■ **Assigned task**:
Output only an exact transcription of the line containing "Pink Yeti Coolers Hat - Picture 3 of 3" and all lines that follow it in the data below.

■ **Data excerpt**:
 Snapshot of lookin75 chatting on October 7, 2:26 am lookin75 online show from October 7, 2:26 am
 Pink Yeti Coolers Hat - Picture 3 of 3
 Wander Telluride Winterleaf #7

■ **Result for this exercise**:
 Pink Yeti Coolers Hat - Picture 3 of 3
 Wander Telluride Winterleaf #7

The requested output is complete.